Un sujet du Bac : "la solidarité peut elle s'exercer sans limite ?"
Réponse de le 21/09/2012 à 8:27 :
@ernest J'ai raconté ça à mon âne : il a pleuré de rire ! Et les fonds structurels européens ? Toute l'Espagne, Catalogne compris, en a croqué par dizaines de milliards !
Réponse de le 21/09/2012 à 8:33 :
@ernest
vous m'avez l'air de ne pas très bien connaitre les catalans. J'habite une région mitoyenne de la Catalogne depuis plus de trente ans, et en fait d'arrogance, d'autosatisfaction et d'outrecuidance, ils se posent pas mal aussi. Leur aveuglement nationaliste les fait fantasmer de pouvoir être une "Suisse du Sud" dont le niveau de vie serait au top européen en faisant renaitre des baronnies autocrates à la médiévale, mais le sens de l'histoire n'est pas celui-là. Cette région se referme sur elle-même, s'enfonçant dans une névrose obsessionnelle de la catalanité dont la réalité est certes objective, mais le vécu totalement subjectif. Je connais un industriel espagnol qui a renoncé à commercer avec les catalans au motif que ces derniers exigeaient que tous les contrats et correspondances se fassent exclusivement en langue catalane, les contrats précédemment engagés souffrant d'impayés chroniques. Il ne regrette rien : comme il me le dit souvent, je préfère les serbo-croates, plus ouverts, avec qui je peux parler n'importe quelle langue et qui payent rubis sur l'ongle. Alors évidemment, rajoutez en cette période de crise, des politiques qui, pour détourner l'attention sur leur incurie et leurs responsabilité, tiennent un discours populiste désignant Madrid comme source de tous les maux, et vous aurez bien entendu dans la rue un amalgame de tous les mécontents bien manipulés par des responsables opportunistes.
a écrit le 20/09/2012 à 22:42 :
Suivront l'Ecosse, les Flandres et bien d''autres.
a écrit le 20/09/2012 à 22:20 :
Tiens ? Mon précédent message serait-il censuré ?
a écrit le 20/09/2012 à 22:07 :
C'est l'Europe, c'est l'implosion des Etats nations en rendant une pseudo-indépendance à des régions. Déplorable...

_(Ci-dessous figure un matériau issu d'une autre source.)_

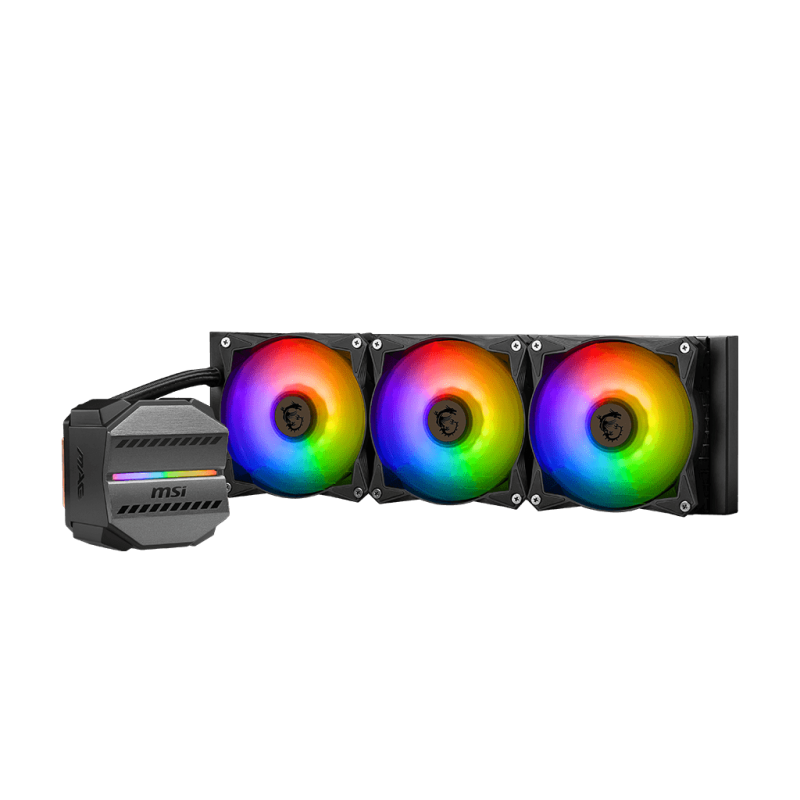Cooler MSI MAG CORELIQUID M360- skt universal- racire cu lichid- ventilator 120 mm x 3- iluminat ARGB- MAG CORELIQUID M360timbru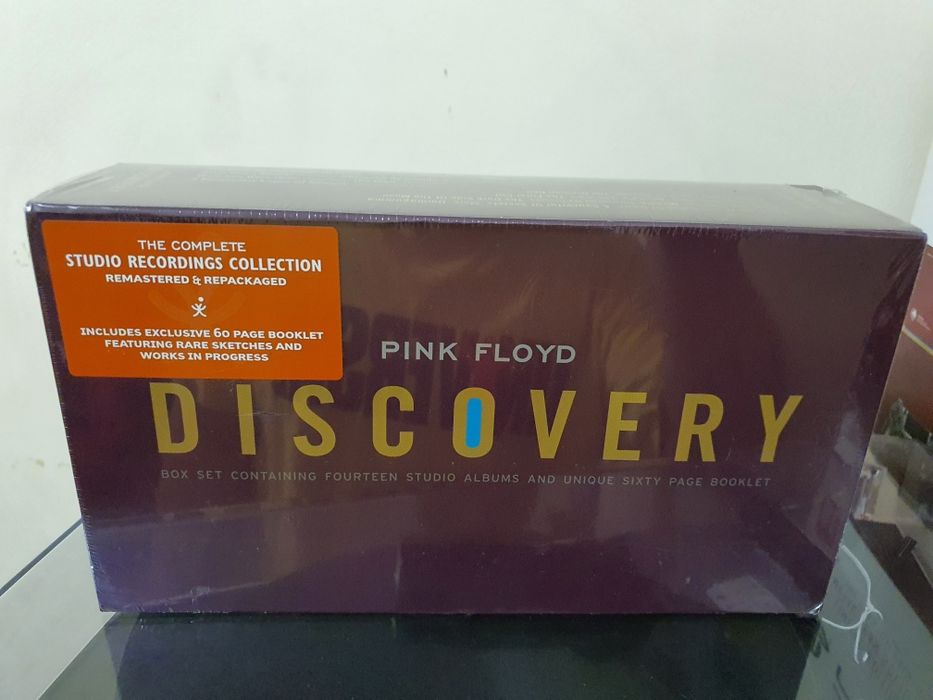 Vendo Pink Floyd Discovery 16CD Boxset (Novo/Selado)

a écrit le 20/09/2012 à 21:32 :
Vivant dans une région française mitoyenne avec la Catalogne, je peux témoigner que l'arrogance et l'orgueil de nombre de catalans est insupportable. Aveuglés par leur outrecuidance, ils pensent sans doute devenir une espèce de Suisse espagnole avec un niveau de vie au top du classement européen... alors que la crise actuelle montre qu'emportés par leur folie des grandeurs, ils ne sont pas capables de gérer leurs affaires sans l'aide de Madrid. Manquant d'humilité devant les faits et ne voulant pas apprendre de leurs erreurs, il est facile de manipuler une population réceptive à des discours populistes, alors qu'une autocritique s'impose en premier lieu. L'indépendance ... ? Les expériences récentes de par le monde montrent qu'il est des lendemains qui déchantent. Mais avec eux, il n'y a rien à faire ; ils rament à contre-courant de l'histoire : la dynamique du XXI siècle n'est pas à la création de baronnies régionalistes de type médiéval, et ces velléités séparatistes ne résisteront pas longtemps à la pression des réalités concrètes du monde tel qu'il change aujourd'hui.